A defense contractor whose subsidiary was accused of conspiring to torture detainees at the infamous Abu Ghraib prison in Iraq has paid $5.28 million to 71 former inmates held there and at other U.S.-run detention sites from 2003 to 2007. The settlement involving Engility Holdings Inc. of Chantilly, Va., is the first successful effort by lawyers for former prisoners at Abu Ghraib and other detention centers to collect money from a U.S. defense contractor in lawsuits alleging torture. The payments were disclosed in a document Engility filed with the Securities and Exchange Commission two months ago. The defendant, L-3 Services Inc., now an Engility subsidiary, provided translators to the U.S. military. On Tuesday, a lawyer for the ex-detainees, Baher Azmy, said each of the 71 Iraqis received a portion of the settlement. "Private military contractors played a serious but often underreported role in the worst abuses at Abu Ghraib," said Azmy.

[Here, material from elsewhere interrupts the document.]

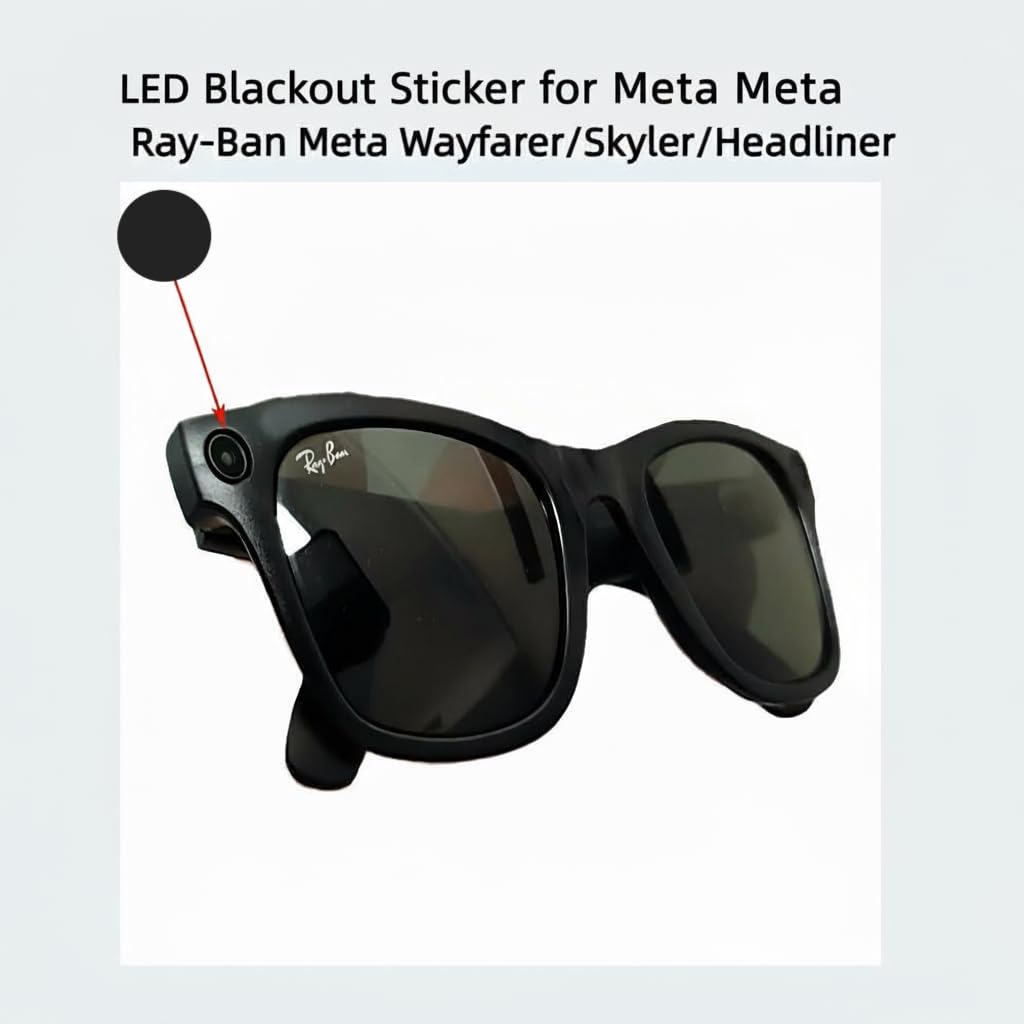 100pcs LED Light Blocking Stickers 5mm,Restickable Blackout Covers for Smart Glasses,Compatible with Ray-Ban Meta Wayfarer/Skyler/Headliner.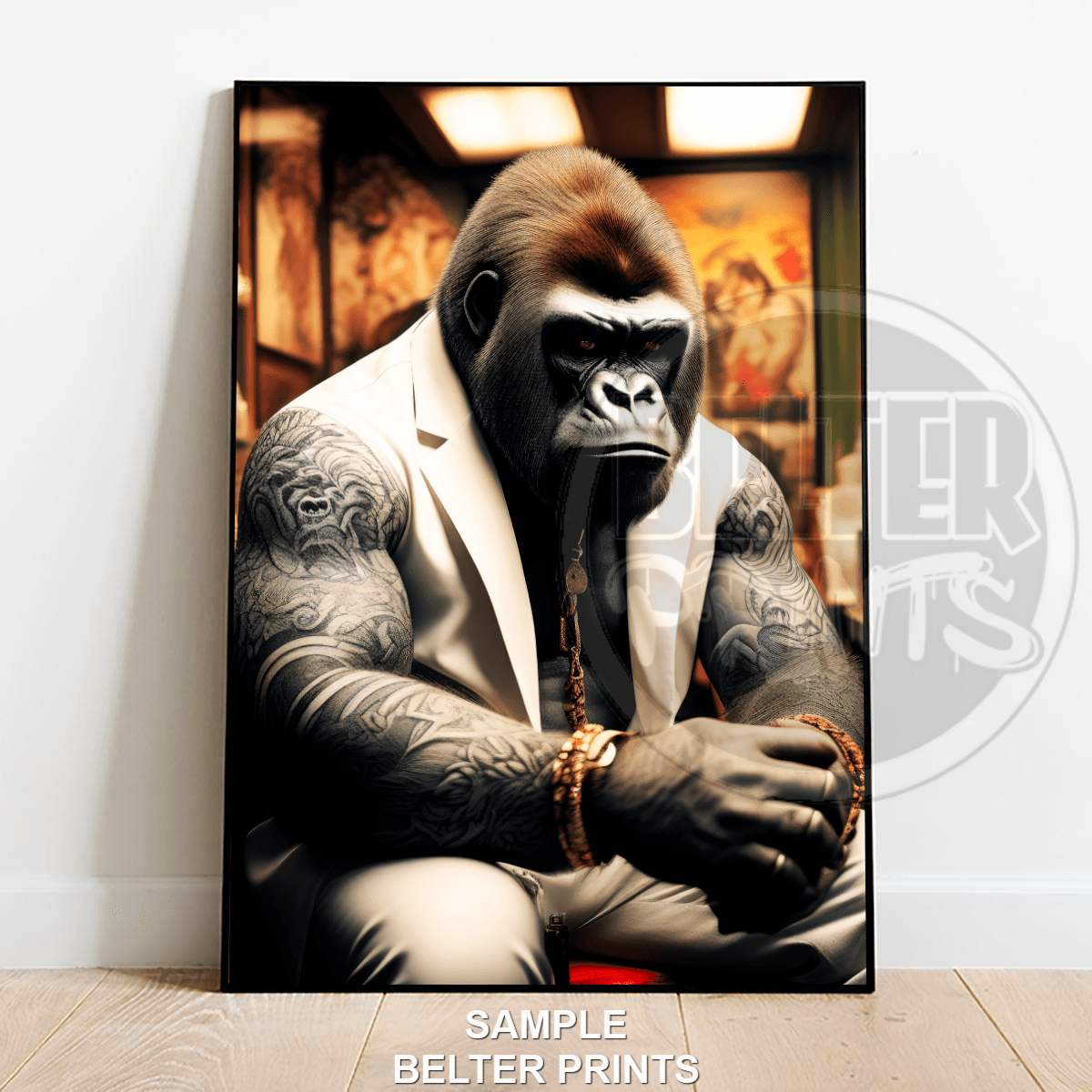 tattooed-gorilla-wall-art-print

MARYLAND: Manning wins some relief

An Army private suspected of sending classified documents to the secret-sharing WikiLeaks website was illegally punished at a Marine Corps brig and should get 112 days cut from any prison sentence he receives if convicted, Army Col. Denise Lind ruled Tuesday during a pretrial hearing. Pfc. Bradley Manning, 25, held nine months in a Marine Corps brig in Quantico, Va., in 2010 and 2011, was confined to a windowless cell 23 hours a day, sometimes with no clothing. Manning faces 22 charges, including aiding the enemy, which carries a maximum sentence of life behind bars.

MISSOURI: Decade later, verdict overturned

The state Supreme Court overturned the murder conviction Tuesday of a man who was sentenced to life in prison for the 1990 slaying of a rural neighbor, ruling that prosecutors failed to share evidence with his defense. Mark Woodworth was ordered released, unless prosecutors decide to retry him. He was convicted of fatally shooting Catherine Robertson and wounding her husband, Lyndel Robertson, in their home near Chillicothe. Woodworth, whose father farmed with the Robertsons, was 16 at the time. He has been fighting for his release for more than a decade.